Gemini CLI was atrocious. It's now being shuttered to AG but its very hard to use due to the limiting usage constraints

Claude is better and Codex remains king of actual usage you can get.

fg137 17 seconds ago [-]
For OpenAI and Anthropic, their entire business is AI. If this thing does not work out, their company is over.

Google? They are shoving AI into every product for sure, but the company is going to do ok even if they immediately stop all AI work. Their revenue comes from ads, cloud etc, and AI doesn't directly translate to revenue much.

thallium205 10 minutes ago [-]
They are at least 6 months behind the other labs because they got a late start.
elorant 10 minutes ago [-]
They simply have no incentive. If AI tanks there's no sweating it, the cash cow of Search will keep printing money and no one is the wiser.
setnone 20 minutes ago [-]
a mistery indeed
spwa4 9 minutes ago [-]
After first firing half their AI staff, to follow up with reorganizing BOTH AI departments so most survivors don't trust their managers?

Meanwhile firing a third of the rest of the company, to make sure that whoever remains encounters company morale somewhere between mandatory fun and PIP.

In case you're wondering about the management reaction? They canceled PIPs (you're now fired when you'd normally have gotten a PIP)

24 minutes ago [-]
oytis 10 minutes ago [-]
I mean, it's an engineering company, so that's expected
josefritzishere 31 minutes ago [-]
All AI sucks, it's not a Google problem.
zuzululu 23 minutes ago [-]
Disagree and if you actively use it in your workflow well you will realize its a major competitive edge.

Nobody is going to hold you back from falling behind tho and I'm not here to convince you otherwise.
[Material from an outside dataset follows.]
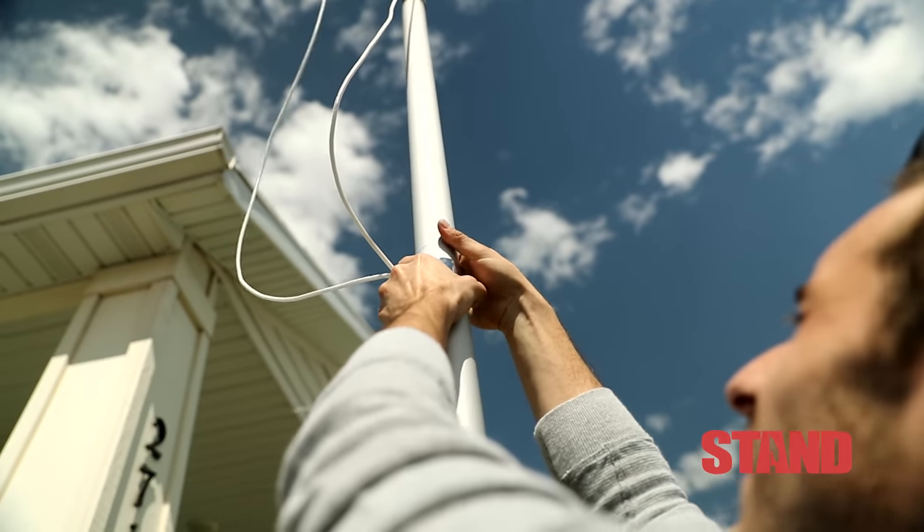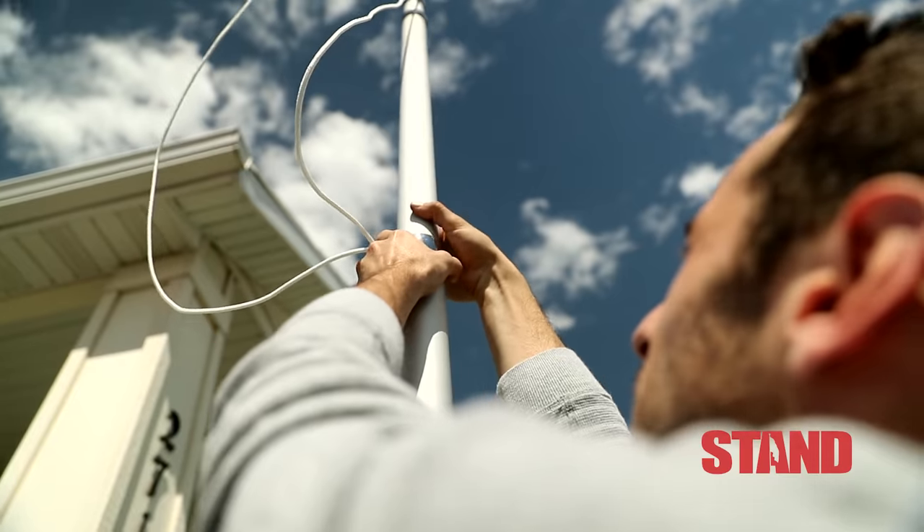Our new locking system is leaps and bounds above our previous design. With a simple twisting lock, this pole is built to withstand dirt and dust with no slippage.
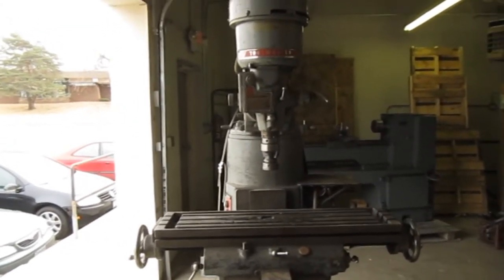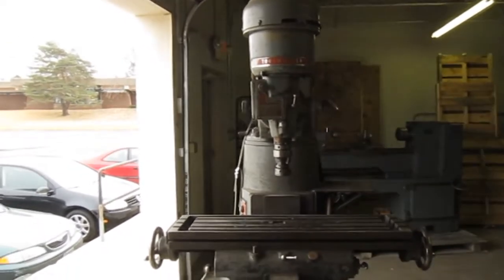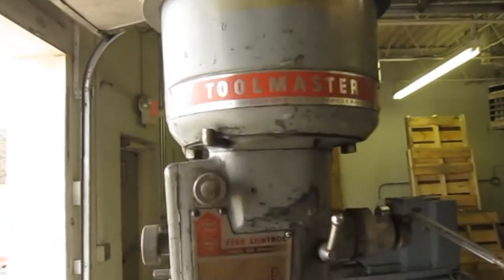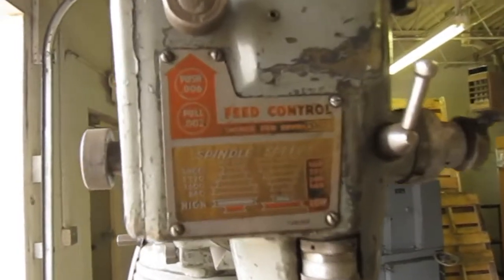Hey everyone, this is Ben from Auctions for Business and Industry. Today we have a Cincinnati Toolmaster vertical mill and we're just going to show you a little bit more about this machine.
datsci_est_2015 15 minutes ago [-]
Willing to bet my career that how we use LLMs in 2027 will look nothing like how we use them in 2026 because of harness churn. My take is: focus on providing value to your company with the tools available today that appear least likely to churn out of existence tomorrow. The more specific and bespoke your harness, the likelier it is it will become obsolete very soon (I.e. the next frontier model release).
swatcoder 3 minutes ago [-]
Indeed.

It's promising technology, but the tools are far from mature yet.

And as they do mature, the ramp up will decrease and their won't be any particular benefit to being an early adopter. For reasonably bright people, there's essentially no penalty to "missing out" for a while.

As often, the FOMO-afflicted are churning on stuff that just won't matter. Which is fine if they enjoy it, but isn't something the rest of us need to fret over.

righthand 5 minutes ago [-]
Competitive edge with who? Your coworkers? Your boss’ efficiency demands?
josefritzishere 21 minutes ago [-]
With all due respect, there's no sense in betting your whole career on dead-end technology like AI.
tokioyoyo 14 minutes ago [-]
Hard to believe that there are any non-mission-critical companies that won’t question one’s rejection of AI. Sounds insane, I know, but not using some LLMs to quickly look up a problem is akin to avoiding Googling when you have a problem.

Yes, they can be wrong. But if you’re competent enough, you should spot the irrelevant suggestions.

gretch 11 minutes ago [-]
Turns out you don't have to bet your whole career.

Do you think if AI turns out to be a dud, most of us will permanently lose our career as software engineers?